Anyone one who knows me or reads my blog can be certain of one thing. I like SonicWALL products. The company's product line is growing and maturing so fast it is incredible. This growth charge is being lead now by the Enterprise Class firewalls or E-Class as they are known. These products are changing the landscape and have raised the bar in performance and throughput. There is not another enterprise class product on the market that can do what the E-Class firewalls do. When you consider the price, the E-Class is by far the best value for the dollar.
I have to say that working with churches is always an honor. I just completed a job for Willow Creek Community Church, a church known not just here in the United States but worldwide for it's service to Jesus Christ. Having been given the trust of a church of this size and stature in the ministry is nothing less than a true God thing. Kudos to Kurt Donnan and his team at Willow Creek for the opportunity.

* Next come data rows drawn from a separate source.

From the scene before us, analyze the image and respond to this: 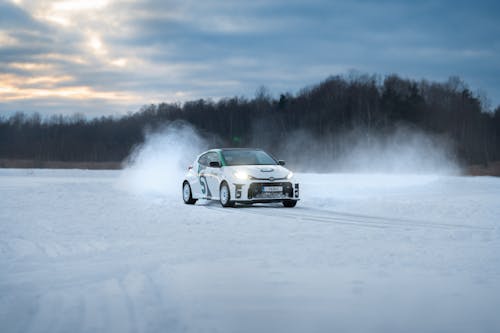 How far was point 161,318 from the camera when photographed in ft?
17.9

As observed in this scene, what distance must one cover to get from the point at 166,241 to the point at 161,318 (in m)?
5.48

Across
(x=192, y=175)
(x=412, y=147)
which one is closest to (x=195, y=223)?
(x=192, y=175)

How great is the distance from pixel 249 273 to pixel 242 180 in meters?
10.4

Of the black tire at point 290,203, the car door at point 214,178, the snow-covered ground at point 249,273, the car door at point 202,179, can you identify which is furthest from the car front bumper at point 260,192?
the snow-covered ground at point 249,273

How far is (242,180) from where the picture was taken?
714 inches

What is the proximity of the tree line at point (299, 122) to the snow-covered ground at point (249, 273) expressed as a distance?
76.9 metres

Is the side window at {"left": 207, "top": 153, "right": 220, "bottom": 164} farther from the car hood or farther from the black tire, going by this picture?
the black tire

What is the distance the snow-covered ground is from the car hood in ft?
10.1

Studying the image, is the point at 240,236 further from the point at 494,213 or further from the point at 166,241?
the point at 494,213

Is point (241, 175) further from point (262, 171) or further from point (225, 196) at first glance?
point (225, 196)

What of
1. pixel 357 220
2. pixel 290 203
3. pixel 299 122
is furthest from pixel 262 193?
pixel 299 122

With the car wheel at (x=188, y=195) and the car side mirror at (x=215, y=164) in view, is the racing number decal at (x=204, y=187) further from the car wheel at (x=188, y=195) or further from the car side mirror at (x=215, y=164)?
the car side mirror at (x=215, y=164)

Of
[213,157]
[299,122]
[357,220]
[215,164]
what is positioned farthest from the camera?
[299,122]

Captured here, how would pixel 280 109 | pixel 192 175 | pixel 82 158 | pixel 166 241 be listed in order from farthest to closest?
pixel 82 158 → pixel 280 109 → pixel 192 175 → pixel 166 241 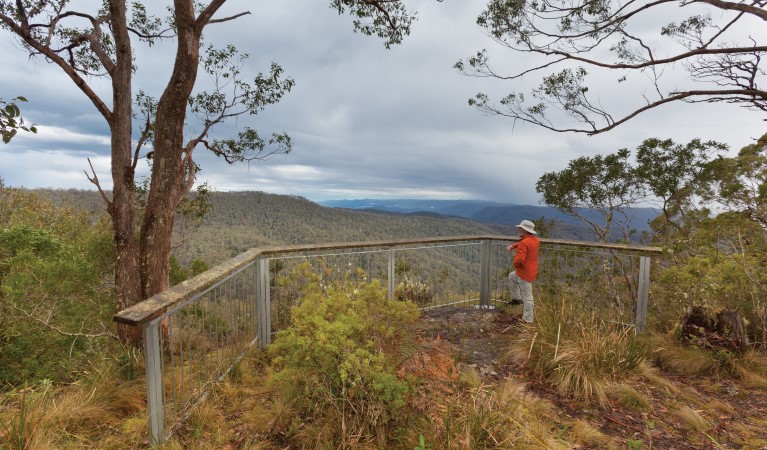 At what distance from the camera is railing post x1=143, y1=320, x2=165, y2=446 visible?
2580 mm

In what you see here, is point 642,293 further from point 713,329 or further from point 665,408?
point 665,408

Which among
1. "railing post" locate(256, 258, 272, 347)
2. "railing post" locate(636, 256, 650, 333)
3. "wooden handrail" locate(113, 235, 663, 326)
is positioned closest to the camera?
"wooden handrail" locate(113, 235, 663, 326)

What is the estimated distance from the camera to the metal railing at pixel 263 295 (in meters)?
2.76

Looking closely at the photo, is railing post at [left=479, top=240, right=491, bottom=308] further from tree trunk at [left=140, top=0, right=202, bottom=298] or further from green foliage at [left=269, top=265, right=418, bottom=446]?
tree trunk at [left=140, top=0, right=202, bottom=298]

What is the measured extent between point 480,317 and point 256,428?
4505 mm

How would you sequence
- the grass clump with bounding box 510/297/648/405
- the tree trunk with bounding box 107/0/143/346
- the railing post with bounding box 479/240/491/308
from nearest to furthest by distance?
the grass clump with bounding box 510/297/648/405 → the railing post with bounding box 479/240/491/308 → the tree trunk with bounding box 107/0/143/346

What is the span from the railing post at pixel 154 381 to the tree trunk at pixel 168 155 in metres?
5.21

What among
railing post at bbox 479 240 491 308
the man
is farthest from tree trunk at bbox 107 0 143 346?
the man

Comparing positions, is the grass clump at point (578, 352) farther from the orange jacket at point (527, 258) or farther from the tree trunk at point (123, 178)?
Result: the tree trunk at point (123, 178)

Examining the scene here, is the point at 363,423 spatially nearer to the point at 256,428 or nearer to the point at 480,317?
the point at 256,428

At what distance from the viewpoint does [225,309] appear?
4.20m

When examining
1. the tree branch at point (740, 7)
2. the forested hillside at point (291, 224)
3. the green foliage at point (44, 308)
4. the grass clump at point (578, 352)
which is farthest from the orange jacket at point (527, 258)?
the forested hillside at point (291, 224)

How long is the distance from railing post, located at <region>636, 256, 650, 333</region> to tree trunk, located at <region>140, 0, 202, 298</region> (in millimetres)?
8057

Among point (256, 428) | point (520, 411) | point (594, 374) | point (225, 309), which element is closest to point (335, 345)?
point (256, 428) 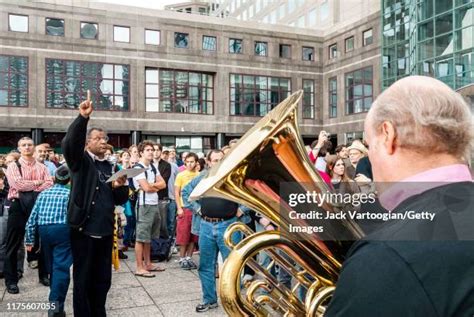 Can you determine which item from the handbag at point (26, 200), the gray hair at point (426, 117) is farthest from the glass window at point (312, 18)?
the gray hair at point (426, 117)

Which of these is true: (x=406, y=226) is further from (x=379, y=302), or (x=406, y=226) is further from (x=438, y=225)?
(x=379, y=302)

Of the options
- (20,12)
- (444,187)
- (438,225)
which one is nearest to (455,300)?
(438,225)

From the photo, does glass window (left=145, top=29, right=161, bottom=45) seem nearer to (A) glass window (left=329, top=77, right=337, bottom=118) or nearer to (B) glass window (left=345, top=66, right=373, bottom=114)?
(A) glass window (left=329, top=77, right=337, bottom=118)

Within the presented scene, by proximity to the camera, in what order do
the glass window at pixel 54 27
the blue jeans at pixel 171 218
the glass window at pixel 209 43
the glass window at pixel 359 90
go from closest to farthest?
the blue jeans at pixel 171 218
the glass window at pixel 54 27
the glass window at pixel 359 90
the glass window at pixel 209 43

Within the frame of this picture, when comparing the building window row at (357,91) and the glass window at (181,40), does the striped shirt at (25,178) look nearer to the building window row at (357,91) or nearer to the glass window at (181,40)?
the glass window at (181,40)

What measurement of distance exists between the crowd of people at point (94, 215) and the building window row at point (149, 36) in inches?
919

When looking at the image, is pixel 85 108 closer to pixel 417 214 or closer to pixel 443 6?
pixel 417 214

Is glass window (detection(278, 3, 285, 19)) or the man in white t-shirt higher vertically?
glass window (detection(278, 3, 285, 19))

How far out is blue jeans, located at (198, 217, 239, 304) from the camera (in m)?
4.80

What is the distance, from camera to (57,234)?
4.43 meters

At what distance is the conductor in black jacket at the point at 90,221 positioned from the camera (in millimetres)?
3766

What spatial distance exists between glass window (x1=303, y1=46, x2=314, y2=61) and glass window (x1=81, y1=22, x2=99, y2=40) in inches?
634

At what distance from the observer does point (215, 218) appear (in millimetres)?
4836

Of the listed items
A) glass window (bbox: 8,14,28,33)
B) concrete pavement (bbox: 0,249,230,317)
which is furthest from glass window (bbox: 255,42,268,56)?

The project was to replace their SonicWALL Pro 4060 which has been in service for about three years. It currently has a 45 Meg connection via a DS3 and was pretty much at its limit handling what the Willow network was throwing at it. The replacement for the Pro 4060 was to be a pair of brand new E-Class NSA 6500 Firewalls. They were to be installed in a High-Availability pair to not only upgrade the capability at the head end of the network but to also add a layer of redundancy as the previous install was a single point of failure for the network.
Now, as anyone who has cut over the gear connecting a big network to the Internet knows, this can be a nightmare for the users if the project is not well thought out and carefully executed. Down time is never really acceptable and can ultimately create a black eye for the IT department of any network. This was no different at Willow Creek. Fortunately, SonicWALL made this process much easier by allowing the content rules and programming of the Pro 4060 to be importable into the new E-Class. I was not about to take for granted that this would work smoothly so Kurt, myself, and his team all diligently reviewed every rule, process, and custom bit of configuration that was imported to the E-Class device. When done the only thing we found is that some orphaned firewall rules that really should have not been in place on the Pro 4060 were successfully cleaned up and purged from our new configuration. That was the first sign things were really headed in the right direction. We went ahead and shut down the Pro 4060 and lit up the E-Class box to the production network. The outbound connections all came up with no issues at all. As we audited inbound traffic we noticed that connections were not being made. My suspicion was that some NIC's were not happy about the hardware change in real time and mid-stream. I simply rebooted the E-Class gear and the servers that were not communicating. Every single connection came online and worked flawlessly. Total time from Pro 4060 shutdown to E-Class NSA 6500 assuming all network functionality was less than 10 minutes. For the end uses at Willow Creek the change was totally transparent. The quote was "It can't be that easy. This was the easiest cut-over we have ever done." I really can't take the credit here. Kudos to SonicWALL and the engineers that developed the NSA E-Class products. They are simply awesome!
Post conversion I thought we should test the new install performance. The inbound connection is 45 MB over a DS3 so we should have been able to get the E-Class to show us some real use with the network in production. Here is a snapshot of the E-Class on a Monday just after conversion with podcasts, credit cards, browsing, email, downloads, and everything else going on.
Can you say yawn? Only 2 CPUs were in process! To be fair it was later in the day but we still thought there would be more load then that. This was with all the UTM (Unified Threat Management) turned on. To just push the issues we decided to max out the DS3 with 7 simultaneous downloads of Vista SP1, several video streams, -t pings to outside servers, etc. The graph of the DS3 showed it right at the top of its inbound limit. Below is the graph of the E-Class CPU graph.
We managed to get 5 CPUs engaged. CPU 2 actually got to 41% for a brief second but I could not snap the photo quickly enough. When we ran this test we had already installed the second E-Class for a High Availability fail-over. We pulled the plug on unit one and the only thing we lost on all the stuff that was running was one ping at about 30 ms.
The E-Class boxes are a great product. If you have a Cisco, Juniper, Fortinet, Watchguard, or any other firewall solution or are looking to make a change, contact Willow Creek and see what they think. I think they will tell you to give the E-Class some serious consideration. In the ministry space as well as any other market there is no other product that can come close to providing top value for the ever shrinking IT dollar.